To continue the jargon, in an ideal world, everyone should be allowed a voice.

This, of course, is not an ideal world, but in this of all years, it is important that as many people as possible are able to express their views. To that extent, the importance of The Herald and as a public forum cannot be over-emphasised.

We are in the business of giving readers a voice, both in print and in digital form. Online - where our forums are unashamedly strictly moderated - we publish between 1,000 and 1,500 comments a day, mostly on politics and sport. That adds up to a mind-blowing 70 million words a year.

In print, I am pleased to say, reports of the death of the letter are grossly exaggerated. Their method of ­delivery has changed beyond recognition - the overwhelming majority now arrive in email form - but they continue to flood in nonetheless. Standards of erudition are, I believe, as high as ever; and we allow no cheap shots under the cloak of anonymity or pseudonyms.

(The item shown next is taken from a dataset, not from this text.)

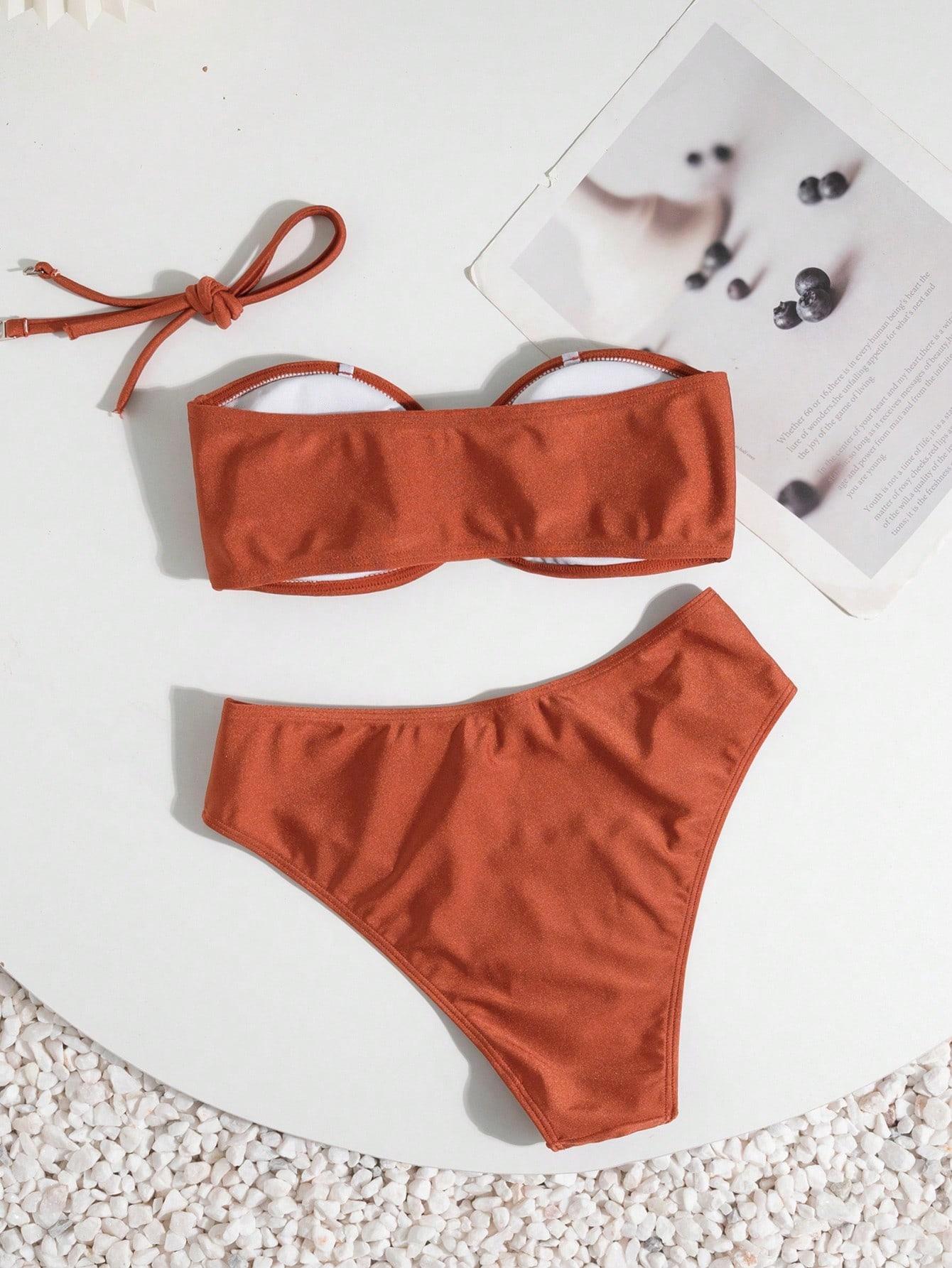 brązowy dół od bikini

Our readers play an important part in the daily life of this newspaper. The Letters Pages accommodate a minimum of 2,500 words, which, in conjuction with Agenda, our column for outside contributors, amounts to 20,000 words of reader-generated copy every week.

Like every newspaper, we have our share of regular correspondents, but happily they have been joined in recent months by an array of new and fresh voices - often readers who have been so moved or enraged by the issues of the day to put pen to paper - and I have detected a surprising number of households that still possess a typewriter. Consequently, our mailbag remains pleasingly healthy.

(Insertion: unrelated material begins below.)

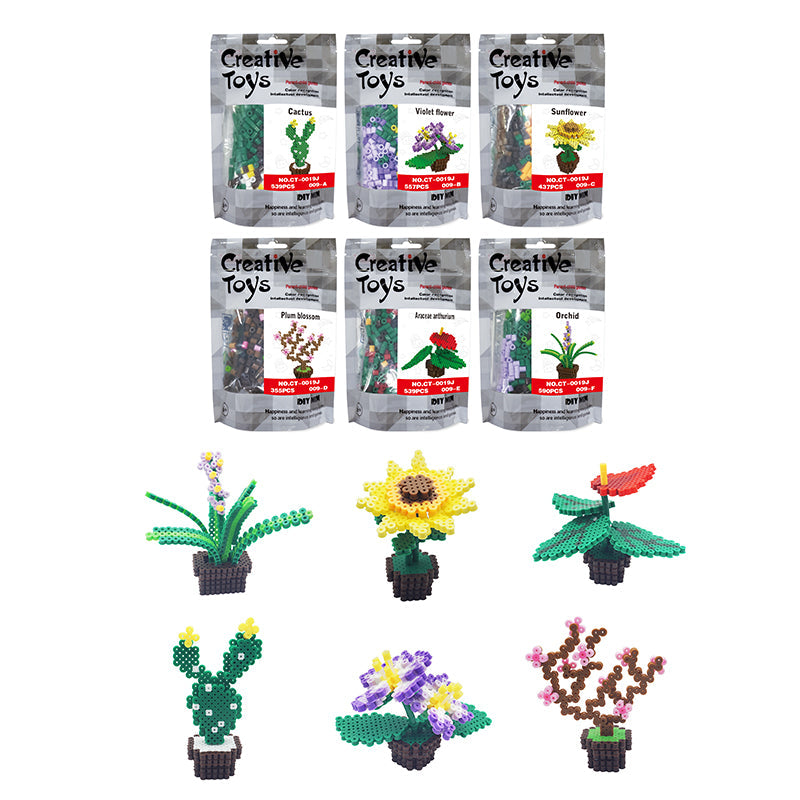 六款植物拼拼豆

With 100 days to go before the referendum, the independence debate does of course dominate. All sorts of names have been invoked from proponents of either side, from Robert the Bruce to Winston ­Churchill, from Robert Burns to Sir Walter Scott.

When it comes to our Letters Pages, however, I like to think I can come up trumps in the name-dropping stakes by citing the ancient Greek tragedian Euripides. "In case of dissension," he writes in The Children of Herakles, "never dare to judge until you've heard the other side."

We try very hard to make sure the views of both sides are fairly presented. When, on May 4, our sister paper the Sunday Herald endorsed independence, we were quite clear: that decision had no bearing on The Herald's stance.

"Our position is one of neutrality in the debate," wrote Editor Magnus Llewellin. "We shall continue to hold both sides to account and scrutinise their policies without fear or favour on our news, comment, and editorial pages."

That is our purpose and intention. We try very hard so to do.

As Letters Editor, though, I can cheerfully report that we are often accused of bias by both sides in this debate. I guess that means we must be doing something right.